The Supreme Court Just Threw the Brakes on North Carolina’s Voting Restrictions

But it may not be as big a victory as it seems.

By Jared Keller

Voters cast their ballots at the Williston Middle School polling station in Wilmington, North Carolina, in 2008. (Photo: Logan Mock-Bunting/Getty Images)

On Wednesday, the United States Supreme Court rejected an emergency request by the state of North Carolina to reinstate a broad swath of voting restrictions, the Huffington Post reports.

The legislation, which required North Carolina voters to provide photo identification at their local polling places and placed limits on early voting, was originally struck down by a federal appeals court in July. The three-judge appeals court panel ruled that the legislation targeted African Americans “with almost surgical precision,” representing “one of the largest restrictions of the franchise in modern North Carolina history.”

The Court’s decision also stands out against its 2013 rejection of parts of the landmark Voting Rights Act, especially given the rise of voter ID laws in recent years. As Sarah Smith reported in August, there are currently 15 states with new voting laws on the books headed into this year’s presidential election, mostly involving limits on early voting and voter ID requirements.

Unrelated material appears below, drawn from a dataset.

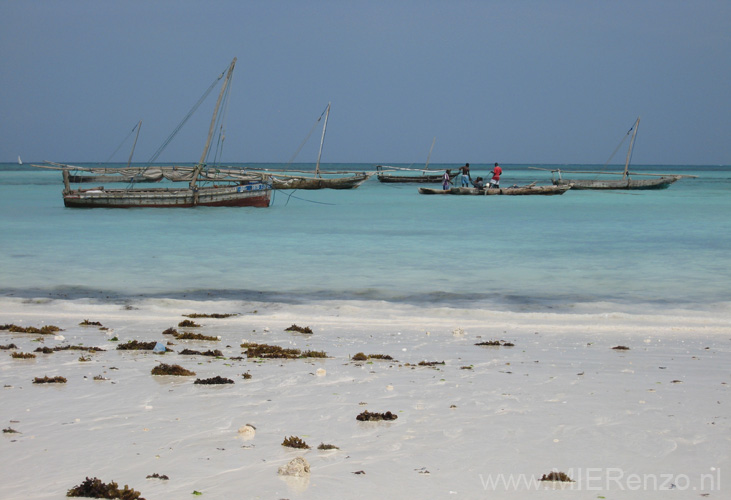 20100203101406 TanZanM - Zanzibar - Nungwi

Voting rights advocates are hailing the Court’s decision as a victory for democracy. “The Supreme Court was correct to deny North Carolina’s last-ditch effort to undermine African-American voter participation in the November election,” said Dale Ho, director of the American Civil Liberties Union’s Voting Rights Project, in a statement. “This ruling means that thousands of voters who would have been disenfranchised will now be able to participate in the presidential election.”

For those looking to read into the Supreme Court’s decision, don’t try too hard.

While many of the new voting restrictions cropping up nationally are currently winding their way through the federal court system, the North Carolina law is one of several before the Court involving voter restrictions, including a voter ID law in Texas that went into force after the 2013 VRA decision, an Ohio provision on a “golden week” for early voting, and redistricting efforts in Wisconsin.

But for those looking to read into the Supreme Court’s decision, don’t try too hard: The Huffington Post’s Christian Farias notes that the Court declined the state’s last-minute petition in a one-line order “that did not include any reasoning,” a stark contrast to the strongly worded decision that compared the law to the outright discrimination of the Jim Crow era that marred North Carolina’s history.

It’s also worth noting that the rejection came out of a 4–4 deadlock, which could mean the dysfunctional Court is once again making decisions based on it’s lopsided composition. Reuters reports that “three of the court’s conservatives, including Chief Justice John Roberts, would have allowed the voter identification provision and limits on early voting to be in effect for the election,” suggesting that the short decision from the Court was designed to avoid establishing precedent.

Even North Carolina Governor Pat McCrory implicitly recognized this split as the root of the Court’s failure to “protect the integrity of one person, one vote,” as he put it in a statement Wednesday:

Even without any support from our state’s attorney general, we were pleased that four justices, including Chief Justice John Roberts, agreed with this right while four liberal justices blocked North Carolina protections afforded by our sensible voter laws.

As I wrote earlier this year, the Court’s eight-justice composition has led to a series of unusual rulings, indicative of a judicial body focused more on punting than actually deciding the substantive questions at the heart of each legal conflict — saying “what the law is,” as Justice John Marshall said centuries ago. The Court deferred on the mega-arcane Hawkins v. Community Bank of Raymore back in March and the more politically polarizing Zubik v. Burwell in May, declining to resolve the two jurisprudential conundrums in the interest of “institutional responsibility,” as Harvard Law School professor Richard Fallontold me at the time.

The Court’s current dysfunction can be a good thing for voting rights advocates: After all, the late Antonin Scalia saw “racial entitlement” in civil rights legislation like the VRA, and his presence on the fully functional bench may have doomed African-American voters in North Carolina to a purgatory of state-sanctioned disenfranchisement. But it’s also a reminder of the imbalance at the nation’s highest court. The decisions the Court delivers may be just, but the absence of a justice due to political jousting in Washington remains a grave injustice for all.